Er ist groß, schwarz, rot und hat einen langen Schnabel: Der Nachtkrabb kann gut herhalten als Schreckgestalt. Die Einzelfigur der Murrhardter Narrenzunft fällt beim Faschingsumzug sofort ins Auge – und sie nimmt Bezug darauf, dass der Vogel mit dem nackten roten Kopf und dem schwarzen Gefieder vielen Menschen früher unheimlich vorkam. In manchen Geschichten hat der Nachtkrabb auch die Rolle als Kinderschreck bekommen. „Wenn du nicht ins Bett gehst , holt dich der Nachtkrabb“, soll es früher immer mal wieder geheißen haben. Im echten Leben heißt der Nachtkrabb Schopfibis, ist ein Zugvogel, der vom Aussterben bedroht ist und mit Hilfe des Projekts Waldrapp hier wieder heimisch werden soll (Infos unter: www.waldrapp.de).

Es sind mehrere Einzelmasken, die man bei der Narrenzunft Murreder Henderwäldler bestaunen kann. Das Hexenturmweible ist auch eine Gestalt, die die Blicke auf sich zieht. „Sie ist nicht als Hexe zu verstehen“, sagt die Zunftmeisterin Diana Spreu, sie sei „vielmehr ein Kräuterweible“. Die Figur soll an arme, alte Bäuerinnen erinnern, denen man Heilkräfte nachsagte und die man zur Strafe in den „Hexenturm“, einst ein Wehrturm, einsperrte, beschreibt es die Narrenzunft. Die Einzelmasken wurden aus Holz in einer Werkstatt in Österreich gefertigt.

Zunftmeisterin Diana Spreu mit dem Häs des Wasserfratz, einer Darstellung eines Quellgeistes in Murrhardt. Foto: privat

Feuerbarthl-Masken werden von den Vereinsmitgliedern selber bemalt

Die Gruppenfiguren wie etwa die Feuerbarthl würden als Rohlinge geliefert und von den Mitgliedern der Narrenzunft geschliffen und selber bemalt, sagt Diana Spreu. Es gebe rund 50 Feuerbarthl-Masken. Sie sind ein Teil des Kostüms der Feuerteufel, ganz in in schwarz und rot gehalten, die an den großen Stadtbrand in Murrhardt von 1765 erinnern sollen.
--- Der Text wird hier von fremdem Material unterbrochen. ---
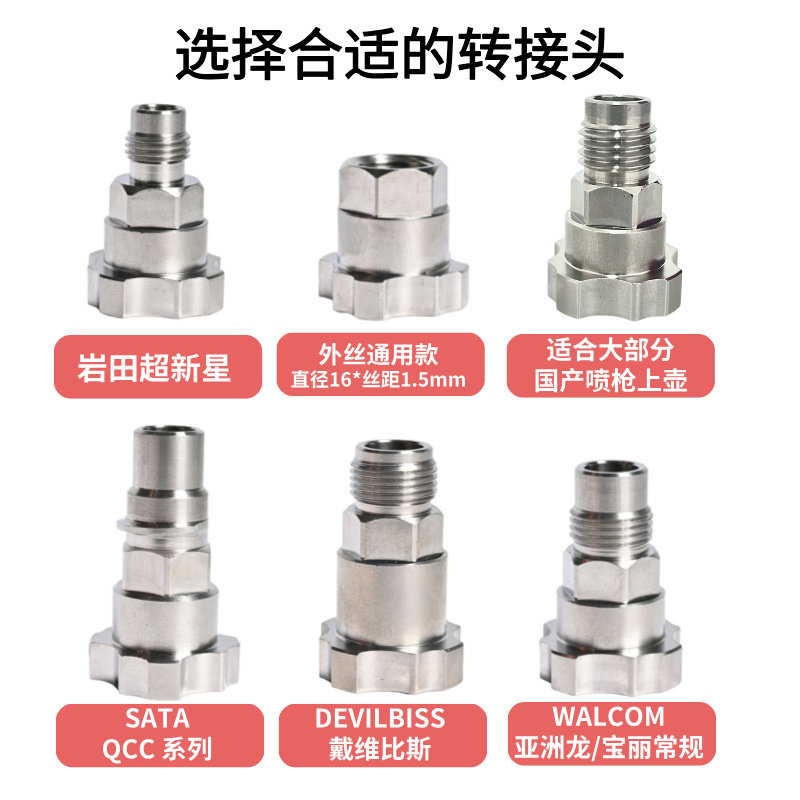喷枪上壶转接头萨塔SATA岩田戴维比斯瓦尔特汽车喷枪配件通用款,五金/工具,喷枪,淘宝优惠券,粉丝福利购,淘宝优惠卷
Die Zunftmeisterin selbst ist immer wieder als Wasserfratz unterwegs – eine Darstellung eines Quellgeistes in einem blauen Häs, der mächtig Lärm macht und Süßigkeiten dabei hat.

Ein Häs mit einem Pferdekopf, dem ein Salatblatt aus dem Mund hängt, das fällt auch auf jeden Fall auf: Das gibt es in Waiblingen. Die Waiblinger Salathengste beziehen sich auf eine kuriose Geschichte, die sich die Vereinsgründer ausgedacht haben: Danach wurde im Remstal so viel Salat angebaut, dass dieser schließlich an Pferde verfüttert wurde. Die Maskengruppe hat etwa 30 Mitglieder, sagt Jörg Knöllinger, der Präsident der Waiblinger Karneval-Gesellschaft. Die Holzmaske ist aus Lindenholz geschnitzt, die braune Jacke soll den fruchtbaren Ackerboden im Remstal symbolisieren, und die braunen Fellfüße des Kostüms sollen an Kaltblüter erinnern.

Kaltblüter sind robuste Pferderassen, die sich durch großes Körpergewicht und ein ruhiges Temperament auszeichnen und als schwere Zugpferde eine wichtige Rolle spielten. Sie wurden früher zum Arbeiten auf dem Feld eingesetzt und erfahren heute eine Renaissance beispielsweise bei der schonenden Waldarbeit.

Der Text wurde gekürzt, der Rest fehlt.